Hamas is the Arab acronym for, “The Islamic Resistance Movement,” and means courage and bravery (Al-Islamiyya: NP). This organization has evolved from the Muslim Brotherhood and was active in the early stages of Intifada, operating in the Gaza strip and the West bank. The main objective of the Hamas is a “Holy War” for the liberation of Palestine and the establishment of an Islamic Palestine. A variety of non-governmental charitable organizations in the Gulf States, four central charity funds throughout the world, and Iran have enabled Hamas to become the second most powerful terrorist organization. During Intifada, Hamas claimed responsibility for 43 attacks that killed 46 Palestinians, and is believed to be responsible for another 40 deaths (Al-Islamiyya: NP).
Hizballah, meaning party of God, is an extremist political-religious movement based in Lebanon. The movement was created and sponsored by Iran in July 1982, initially as a form of resistance to the Israeli presence in Southern Lebanon.
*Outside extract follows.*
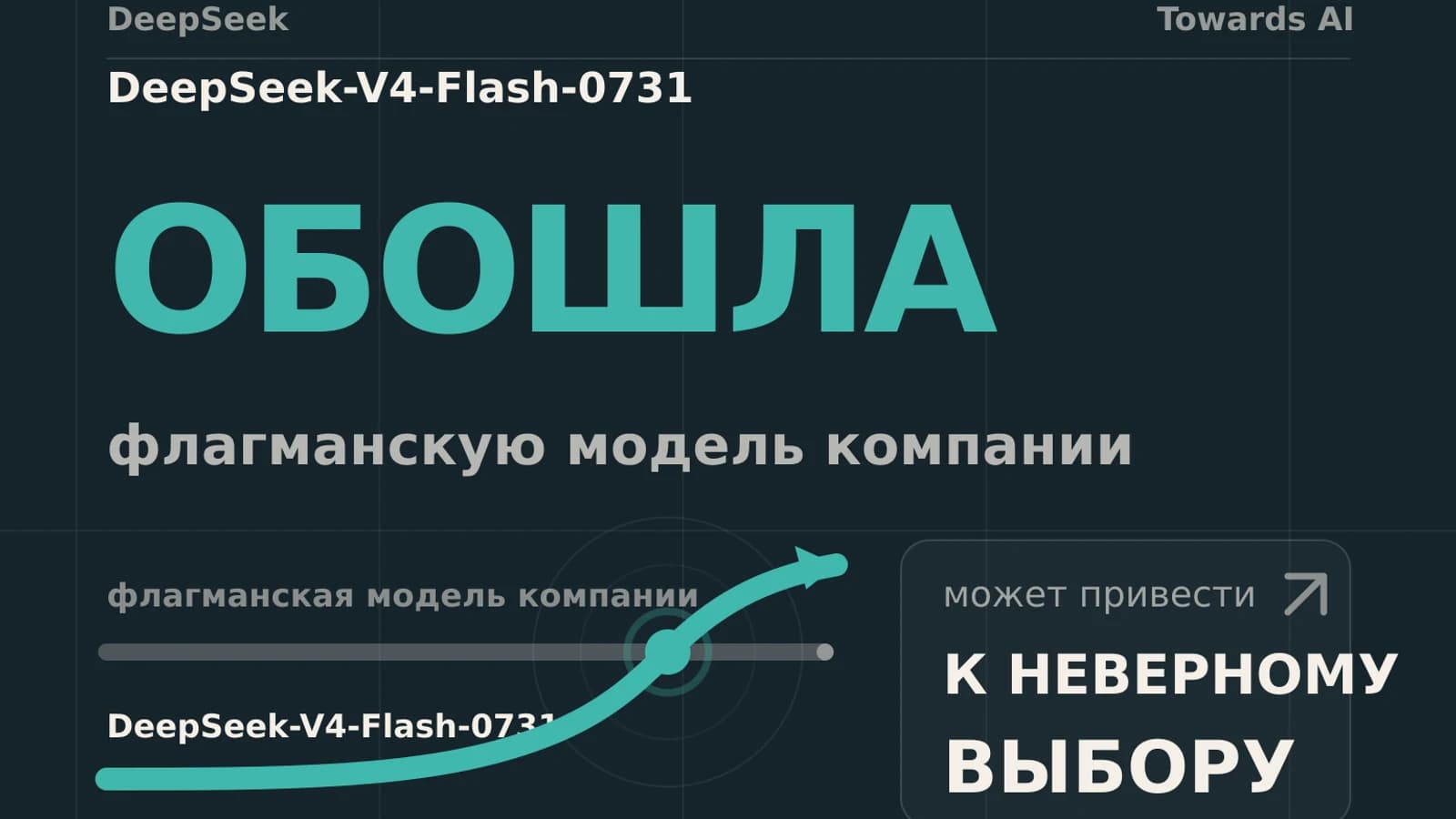 Инфографика: DeepSeek-V4-Flash-0731 — может привести к неверному выбору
Hizballah followers are radical Shi’ite which adhere to Khomeinistic ideology. The principle goals established by Khomeinism are the equality of all Lebanon’s citizens, complete American and French withdrawal from Lebanon, the complete destruction of Israel, and the establishment of Islamic rule over Jerusalem. The Hizballah has tried to accomplish these goals through the use of terrorism, of which 704 attacks were committed from 1991 – 1995 (Information Division: NP). The scope and nature of Hizballah’s terrorist campaign reflect its close dependency on Iranian support for both the ideological and financial levers. Iran donates vast amounts of money to Hizballah, which among other things funds the movement’s health and education services.The funds received from Iran in the 1980’s totaled $60-$80 million a year (Rajeswari: NP).
Throughout researching these groups, once case involving a Saudi Arabian National, Usama Bin Laden, exemplifies the difficulties with prosecuting terrorists in the International Court of Justice. Whether domestic or international in nature, terrorism is having an ever-increasing impact upon the international community. The United States has fallen victim to acts of terrorism recently, most notably the 1995 bombing of the Alfred P. Murrah Federal Building in Oklahoma City, OK, and the 1998 bombings of U.S. Embassies in Kenya and Tanzania. Upon investigation, it was revealed that the embassy bombings were linked to Usama Bin Laden, a former Saudi Arabian National whose excessive bank accounts fund a worldwide terrorist operation.
Further investigation revealed that Bin Laden was living in Afghanistan in a camp protected by his own 200-man private army and a sub-unit of the Taliban, a quasi-religious organization operating within Afghanistan’s borders (MSNBC, 10/12/99). The United States, backed by other nations who have had terrorist attacks related to Bin Laden, appealed to the United Nations Security Council to call for the extradition of Usama Bin Laden for trial.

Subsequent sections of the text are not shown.